Still, Calipari came back to his conspiracy theory multiple times during the hour-long radio show.

“We need our fans more than ever before,” Calipari said. “People on (social media) and many trolls and other programs, why would they not jump on this? We beat them all down for 11 years. Now all of the sudden, ‘We’ve got a chance to beat Kentucky, let’s go.’

“ESPN, they played right into it. ‘Let’s move this game, let’s watch the execution with more people watching.’”

Of course, ESPN is the same network Calipari allowed into his inner sanctum for a 2017 “30 for 30” documentary about his rise from UMass to Kentucky. It is the same network Calipari allowed a behind-the-scenes look at Kentucky basketball for an all-access reality show at the beginning of the 2012-13 season.

The 2012 ESPN show, “All-Access Kentucky,” might go down as one of the few missteps in the early years of the Calipari era.

Kentucky had just won the 2012 national championship with a team built around freshmen stars, but the 2012-13 team that was the focus of the show had almost nothing to do with the championship squad. Only one rotation player from the title team was back, and no starters.

With cameras following them in practice and team meetings, it was difficult for the new Kentucky players to not feel as if they’d already earned the respect of college basketball. It made Calipari’s annual quest to teach young players how to sacrifice individual goals for the team all the more difficult.

That Kentucky team struggled almost from the start, losing three of its first six games. When it looked like the ship had been righted in January, a season-ending injury to Nerlens Noel proved too much to overcome. The season spiraled out of control and eventually ended in a first-round NIT loss at Robert Morris.

Which brings us back to Calipari’s latest conspiracy theory. The Hall of Fame coach’s current team appears to rival the 2012-13 squad for dysfunction.

Kentucky has lost five games in a row for the first time since Rick Pitino’s first season on the job in 1989-90. Two days after no player who appeared in the loss to North Carolina could be convinced to answer questions from the media, freshman forward Cam’Ron Fletcher was suspended and sent home to St. Louis so he could “reflect and do some soul searching to get his priorities in order.”

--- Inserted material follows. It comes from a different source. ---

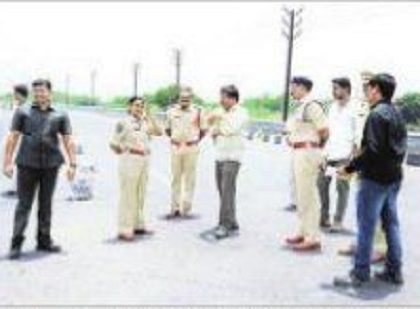 ప్రమాదాల నివారణకు ప్రత్యేక చర్యలు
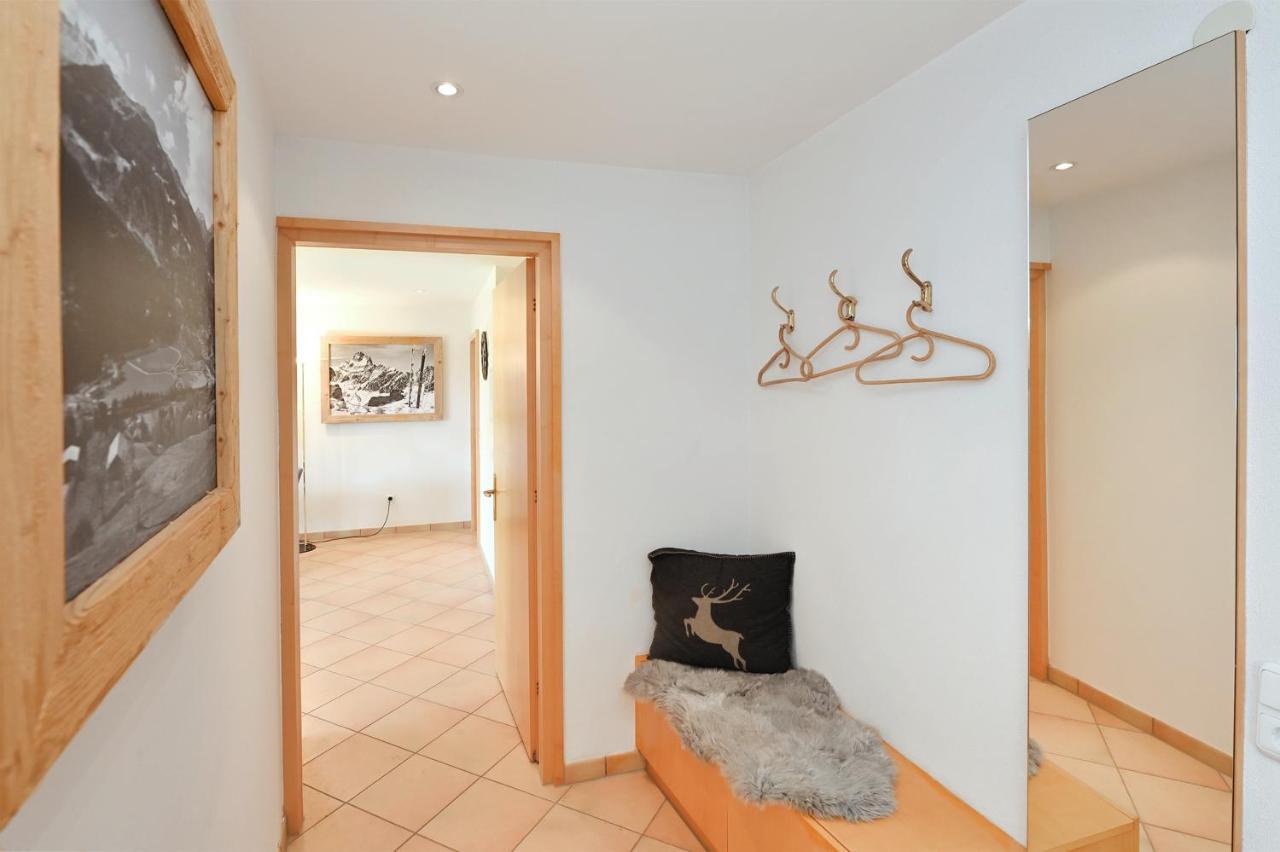Apartment Marent Garten Chalet Vandans Zewnętrze zdjęcie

No wonder Calipari wants fans to focus on something other than the way his team is playing.

“You need to help us, you need to be there for these kids,” Calipari said in a message to fans on his radio show. “You’ve got to beat down the trolls for yourself. These kids are playing for our state, they’re playing for this university. They’re inexperienced. They don’t need people piling on them. Pile on me. If you want to blame anybody, pile on me.”

The timing of the annual Louisville rivalry game only adds to the spotlight on Kentucky’s struggles.

As Calipari rightfully pointed out repeatedly during the radio show, there were actually signs of improvement for the Wildcats during the loss to North Carolina and last week’s rally from a 22-point halftime deficit against Notre Dame.

Those glimpses of hope — like freshman guard Devin Askew’s steady progress, the grit of graduate transfer Davion Mintz and the rebounding prowess displayed by UK’s guards against the Tar Heels — offer reason to believe Kentucky’s recent dominance of Louisville can continue.

Calipari has won 11 of his 13 meetings with the Cardinals as Kentucky’s coach. The rivalry tends to bring the best out of his young teams.

But a sixth consecutive loss would sting all the worse at the hands of Kentucky’s biggest rival. Team morale already appears on the brink of collapse, and it is fair to wonder if a team this inexperienced would be capable of bouncing back from the criticism from both its own fans and Louisville supporters if it's embarrassed again.

With both rivals unranked at the time of the game for the first time in Calipari’s Kentucky tenure, the game seems less relevant to the national college basketball landscape than ever. But it is difficult to imagine a rivalry game holding higher stakes for Kentucky.

“Losing stinks,” Calipari said. “We’ve got to start winning some games so they understand the hard work is worth it.”